For payments professionals and merchants alike, the implications are material.
Traffic flows are shifting, conversion dynamics are changing and the economics of customer acquisition are being quietly rewritten.
AI-Generated Retail Traffic
Today, retail websites still receive the majority of their traffic from conventional organic search engines.
Large language models (LLMs) such as ChatGPT, Gemini and Claude account for a comparatively modest share of visits. Yet forward-looking traffic projections suggest this balance will not hold.
Analysts anticipate that by 2028 AI-generated retail traffic will overtake traditional organic search as the primary source of online retail visits.
By 2029, LLM-driven channels could account for close to two-thirds of total traffic. This is not merely incremental growth; it represents a structural realignment in how consumers initiate and complete shopping journeys.
Unlike traditional search, which requires users to sift through ranked links, AI systems synthesise options, refine preferences and present curated outcomes.
In doing so, they compress the path from intent to transaction — a development with profound implications for checkout design, embedded finance and payment orchestration.
Conversion Rates: Where AI Already Leads
If traffic dominance remains prospective, conversion performance is already measurable. Since late 2025, AI-driven referrals have consistently outperformed non-AI traffic in converting visitors into buyers.
The differential is not marginal and, crucially, it appears to be widening.
ChatGPT, in particular, has demonstrated conversion rates exceeding those of direct traffic, paid search, organic listings, email campaigns, display advertising and social media referrals.
Reported conversion levels of approximately 11.4 per cent materially exceed most conventional retail benchmarks.
The underlying logic is straightforward. AI-led interactions are inherently high-intent. Users typically arrive with defined objectives, and the AI interface narrows choices before the consumer ever lands on a merchant’s site.
By the time payment credentials are entered, much of the decision friction has already been resolved.
A New Economics of Referral Fees
Beyond traffic quality, agentic commerce introduces a compelling cost dimension.

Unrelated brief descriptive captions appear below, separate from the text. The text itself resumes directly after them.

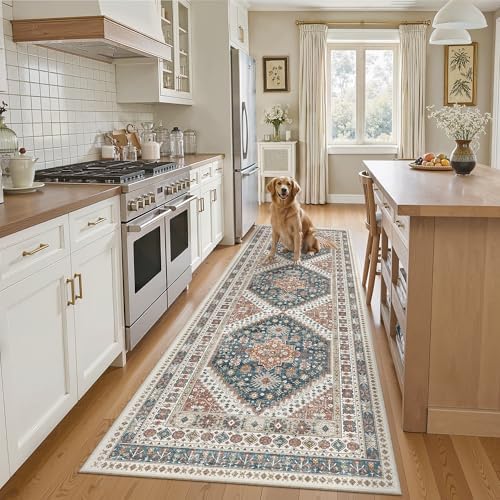 Madane Kitchen Runner 2'6''x8' Soft Rug Runners for Hallways, Navy Blue by Madane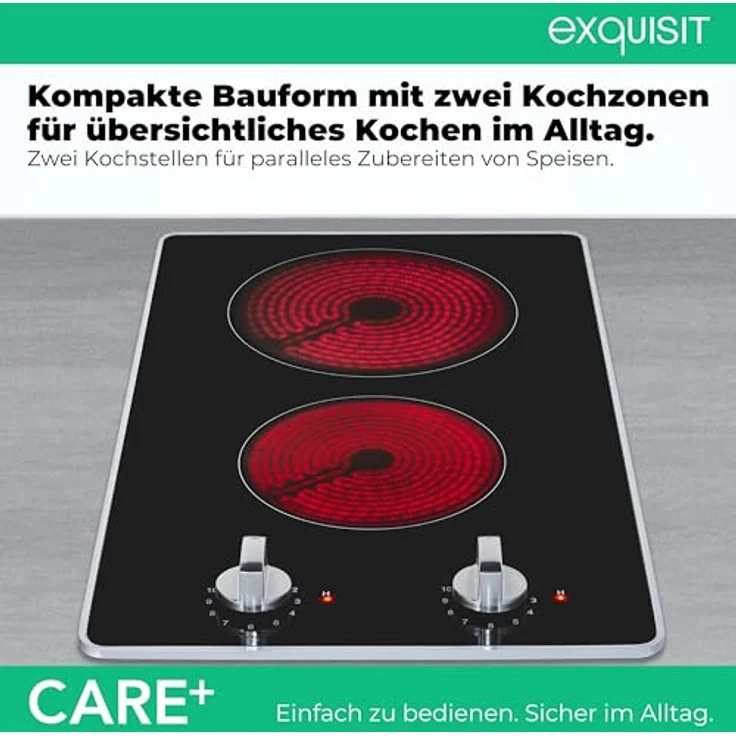 Exquisit Glaskeramik-Kochfeld EKC300-RK-420Care, 2 Kochstellen mit Drehknopf Bedienung, Restwärmeanzeige, 11 Leistungsstufen, Schwarz – Bild 4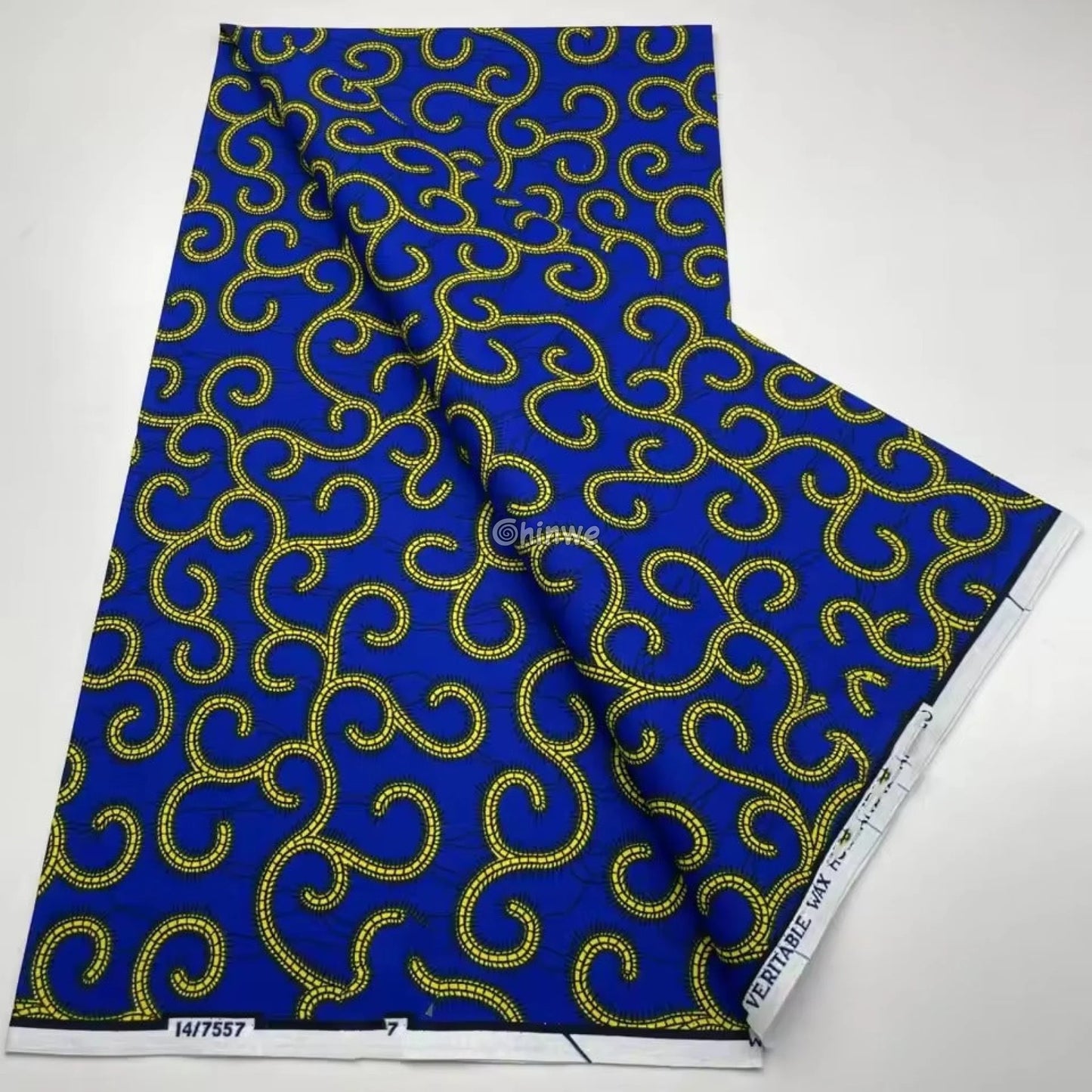 Bold Blue Ankara Fabric with Gold Swirl Patterns 6 Yards African Wax Print Fabric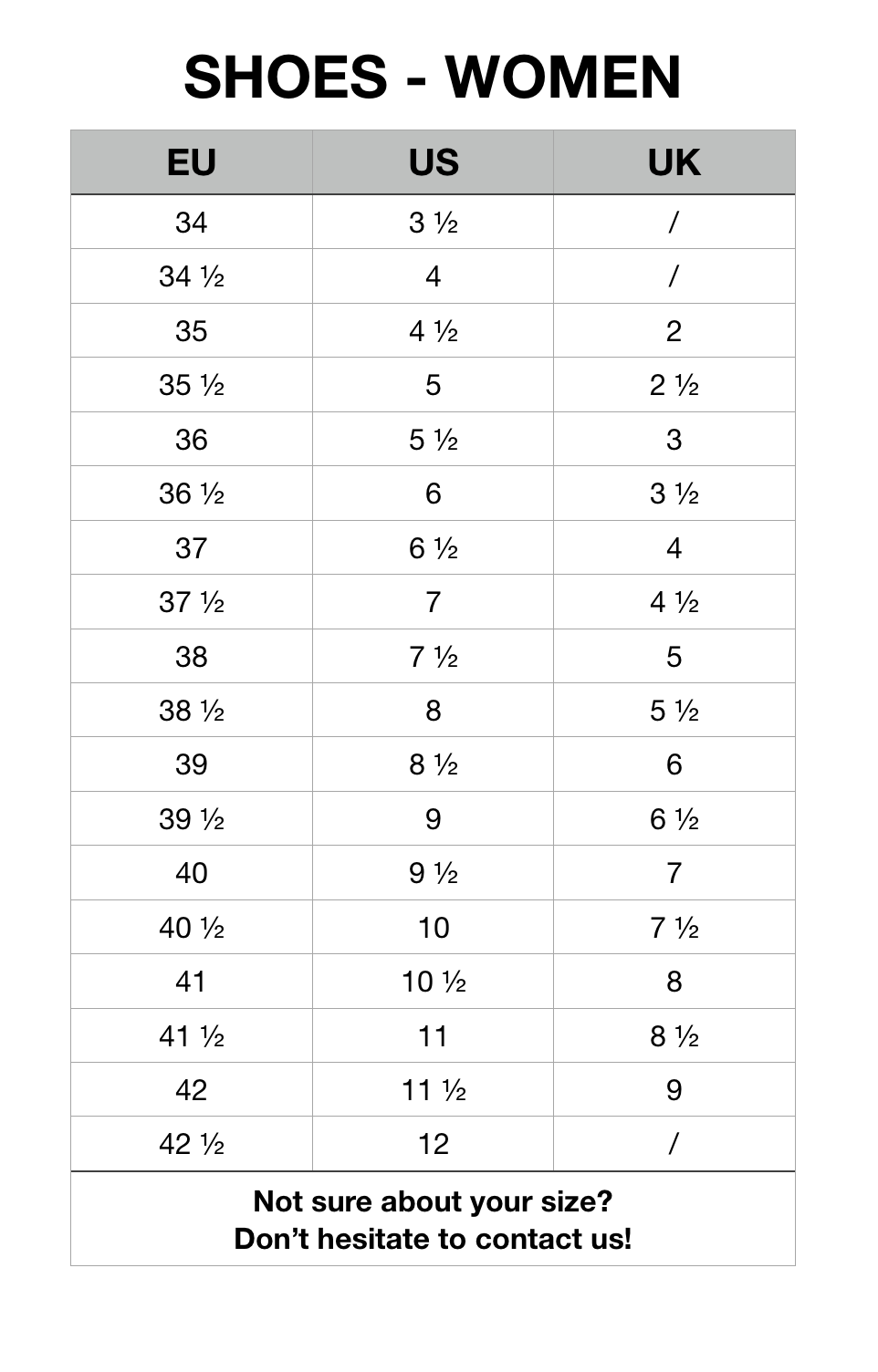 timberland size chart shoes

Established US marketplaces — including Amazon, eBay and Walmart — routinely charge referral fees in the region of 15 to 15.8 per cent.
By contrast, OpenAI’s reported fee structure is less than half that level.
For merchants operating on tight margins, this differential is significant.
Lower referral costs combined with higher conversion rates alter customer acquisition economics.
Sellers gain greater pricing flexibility and can experiment more aggressively without surrendering a double-digit share of gross merchandise value.
From Supplement to Dominant Channel
Agentic commerce is not merely an adjunct to traditional e-commerce. It is rapidly evolving into a primary discovery and decision-making channel.
For the payments ecosystem — from acquirers to PSPs and issuers — the rise of AI-mediated transactions demands adaptation.
Those who recognise early that the interface layer is shifting from search engine to intelligent agent will be best positioned to capture the next wave of digital commerce growth.